Anche noi discepoli e discepole che viviamo nelle città della nostra Chiesa locale, l’Arcidiocesi di Palermo, tutti siamo provenienti dai “gentili”, dai pagani. Noi portiamo un nome, come Filippo e Andrea, che rivela la nostra provenienza. Come Andrea e Filippo che vanno insieme da Gesù, insieme, syncondiscepoli, insieme sulla stessa viasyn-odos, dietro la Via – “li inviò a due a due avanti a sé in ogni città e luogo dove stava per recarsi” (Lc 10,1) – siamo chiamati a facilitare la realizzazione del desiderio degli uomini e delle donne di questo nostro tempo di vedere “lo splendore del glorioso vangelo di Cristo che è immagine di Dio” (2Cor 4,4). Avere a cuore i molti che anche oggi desiderano “vedere Gesù”, custodire un cuore capace di occhio attento e compassionevole per poterli riconoscere. Un cuore immedesimato in Cristo servo che ha pensato e vissuto la sua vita come dono; un cuore libero di aver compassione per ogni volto sofferente, per ogni grido che chiede riscatto e liberazione; un cuore libero di svuotarsi per riempirsi dell’altro.



“Se uno mi vuol servire mi segua, e dove sono io, là sarà anche il mio servo” (Gv 12,26). Lo sguardo di don Pino era stato folgorato dallo sguardo di Gesù. Ne portava impressa negli occhi la luce. Quella che rifulge nella notte vinta dal fulgore della risurrezione di Cristo e che si riverbera e deflagra in ogni discepolo e discepola rinati nella Pasqua delle acque battesimali. Luce che viene alimentata, di domenica in domenica, nelle nostre comunità radunate dal Crocifisso risorto dove Egli ci apre ancora al senso delle Scritture e ci introduce al banchetto fraterno del suo corpo donato. Luce che attingeva anche dalla grazia del ministero presbiterale vissuto con gioiosa e totale donazione. In un testo di chiaro riverbero autobiografico – non conosciamo chi sia l’autore –, trovato da don Francesco Michele Stabile in una carpetta consegnata in Curia da Mons. Renna, si fa dire a don Puglisi:

“Nella mia vita, infatti, ho cercato di porre attenzione innanzitutto ai bisogni dell’uomo per poi poterlo mettere nelle condizioni di poter abbracciare “liberamente” la fede nell’unico Dio che io annuncio. […] mi sono detto: “Cristo, quando è venuto, non ha forse mangiato con i pubblicani e si è visto in compagnia dei peccatori?”. Mio ideale era quello di imitare il Maestro.  Sì, essere occhio per il cieco, piede per lo zoppo, seme di una nuova cultura della legalità illuminata dalla fede. Queste le linee di massima, le linee in cui mi muovo. Queste le linee adottate a Godrano, al CDV dove cercavo di aiutare i giovani, poveri giovani, a fare chiarezza dentro di loro almeno per poter capire a cosa il Signore li chiamava. Questo ho fatto anche in seminario dove sono stato accolto come padre spirituale. Queste le linee adottate a Brancaccio nella parrocchia di San Gaetano”.

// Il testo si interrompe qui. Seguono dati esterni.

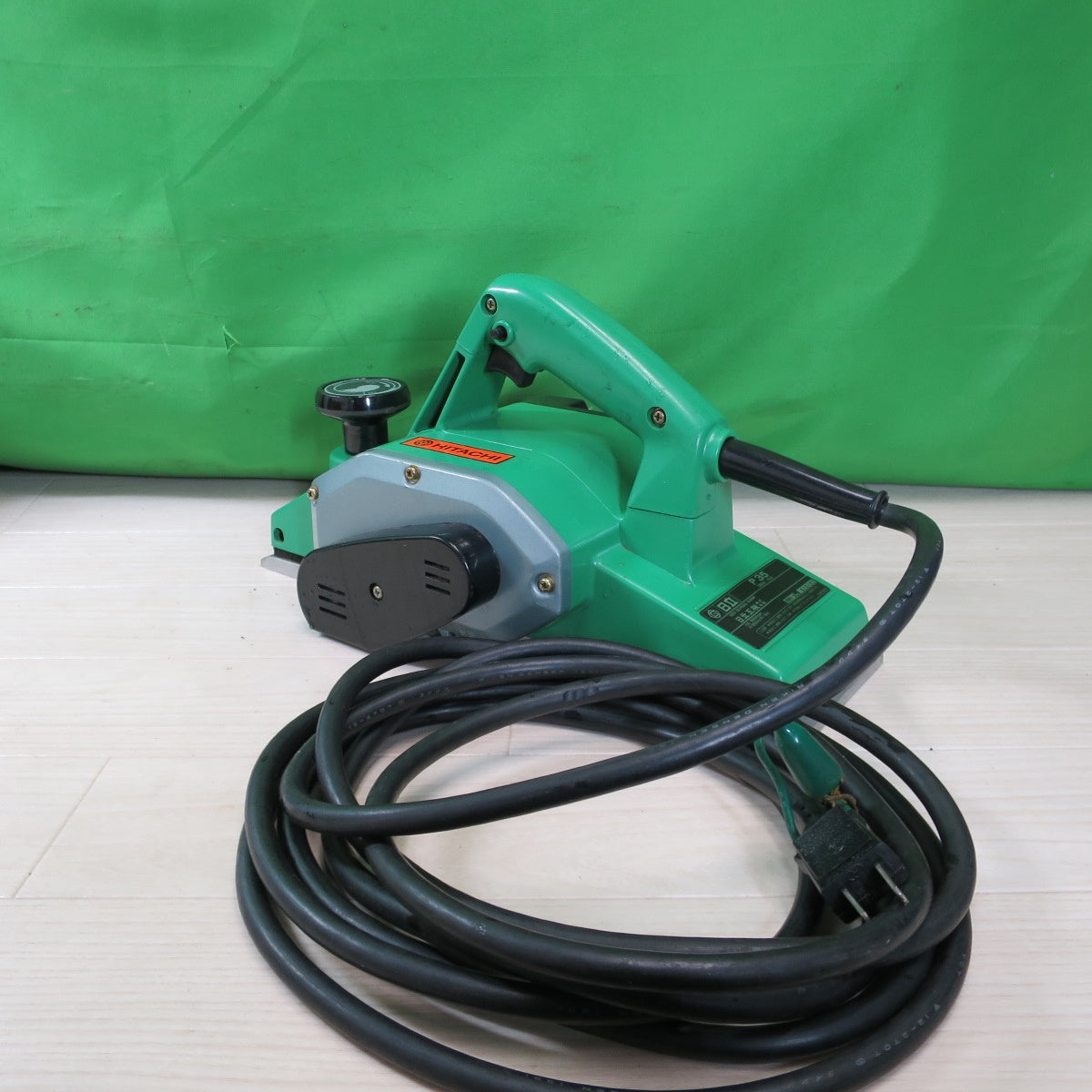 [送料無料] ☆日立工機 120mm 電動 電気 かんな 100V P35 鉋 カンナ 電動 工具☆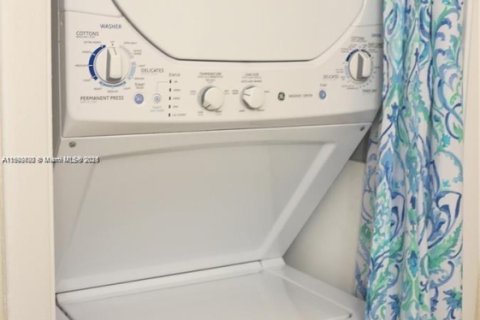 Condo in Weston, Florida, 2 bedrooms № 1951967 - photo 10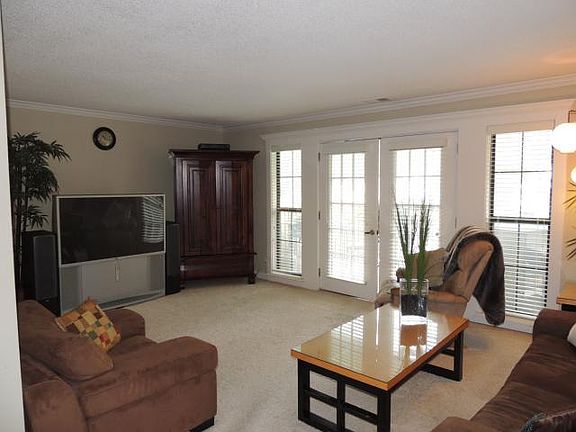 4th image of 4727 Jarboe St APT 84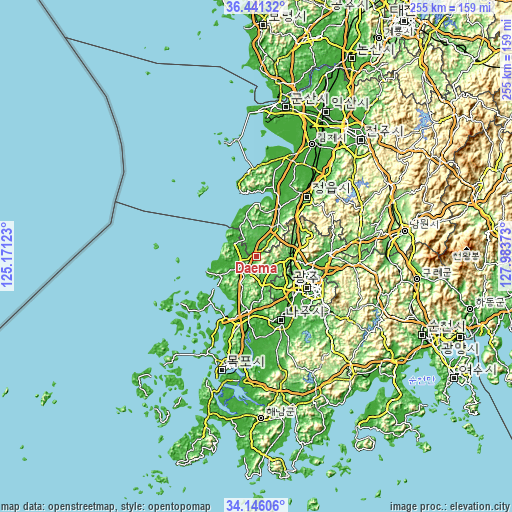 Topographic map of Daema
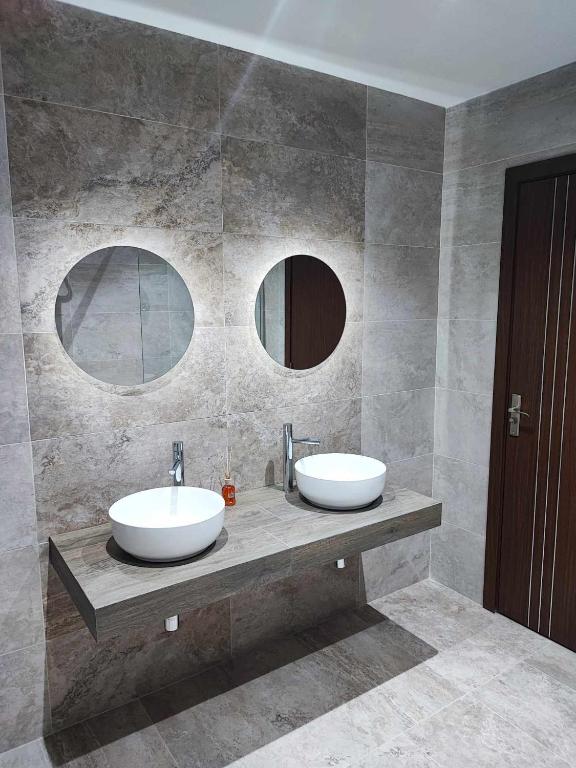 Koupelna v ubytování B8 Seaside Luxury Rooms with private bathroom - dining area shared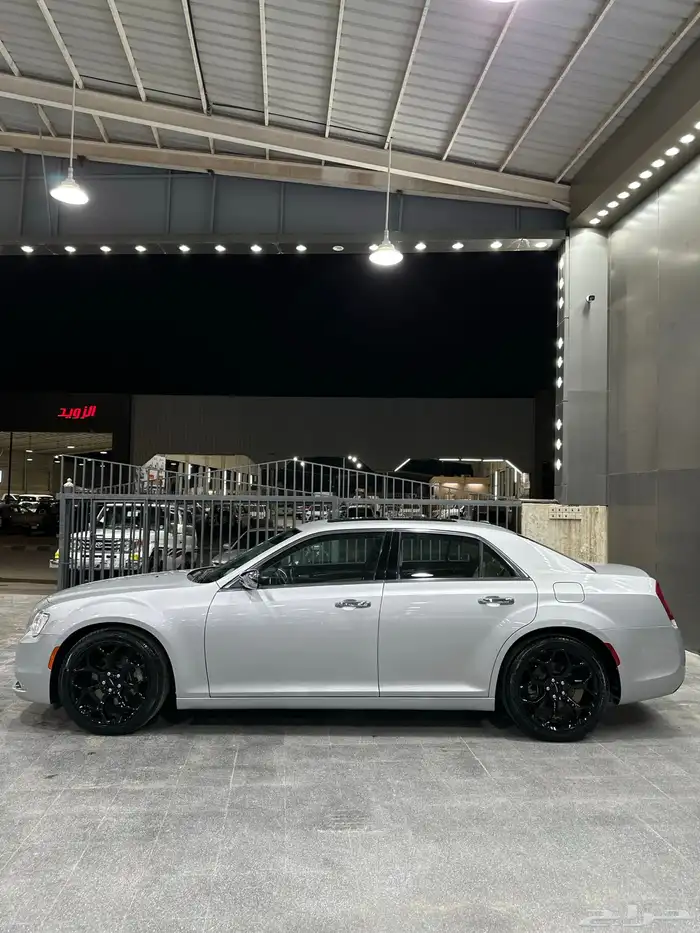كرايزلر C300 فضي 2021 عداد 31 لدى معرض(عبيد الرشيدي) 13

Il chicco di grano caduto in terra. Abbiamo ricevuto in eredità il segno del chicco di grano caduto in terra. Gesù non ha voluto salvarsi da quell’ora – l’ora dell’amore massimo di chi abbandona, rinnega, tradisce, ti uccide (cfr Gv 13,1) –, né esserne esentato, ma è sempre rimasto fedele alla sua missione di compiere la volontà del Padre nella via dell’umiliazione, della povertà, della mitezza e del perdono e non attraverso la violenza, la potenza, il dominio, la vendetta. Comprendiamo dunque la sua preghiera: “Padre, glorifica il tuo Nome” (v. 28). Questa sottomissione – capace di attraversare il travaglio e il turbamento della prostrazione del Getsemani, la tentazione – non è la resa a un destino implacabile, bensì l’adesione ai sentimenti del Padre, sentimenti di amore per il mondo fino al dono dell’unigenito suo Figlio (cfr Gv 3,16).



In-terrati. “In terra”, nei solchi di Dio e degli uomini, nel territorio che condividiamo con altri uomini e donne, piccoli e adulti, malati e anziani, di ogni cultura e di ogni fede, nelle nostre città, nei nostri ambienti di vita. Essere discepoli tra le case degli uomini. “In-culturati”; in dialogo. Senza supponenza. Con umiltà. Perché anche noi siamo terra, humus. Dentro la storia. Corpi tra corpi. Essere comunità ‘casa tra le case’, comunità che non temono la contaminazione, comunità dalla contaminazione. Anche noi segnati dalla nostra provenienza dalla Galilea delle genti.

In quel testo che vi citavo si fa dire a don Pino: “A Brancaccio io ho anche la mia casa e la sera quando rientro mi piace starmene un poco in silenzio per strada prima di entrare. Lo faccio per ascoltare, è infatti alla sera, quando si spengono i rumori della giornata, che nell’aria si respira la sofferenza, l’ingiustizia, il bisogno degli uomini e il bisogno dei piccoli” (Da un testo di chiaro tenore autobiografico trovato in una carpetta consegnata in Curia da Mons. Renna).

Continuiamo a starcene un poco in silenzioso ascolto per strada prima di rientrare nelle nostre comunità dove avremo un orecchio più in-terrato per sintonizzarsi con le parole di Dio che continuano a risuonare nella Parola e nella carne della storia. Insieme. Sempre insieme. Effettivamente e, per quanto ci è possibile, anche affettivamente, cioè nello Spirito, nell’energia dell’amore di Dio, della relazione intratrinitaria. Sulle orme di Cristo, in compagnia del Beato Giuseppe Puglisi e di tutti i luminosi testimoni della nostra feconda in santità Chiesa palermitana.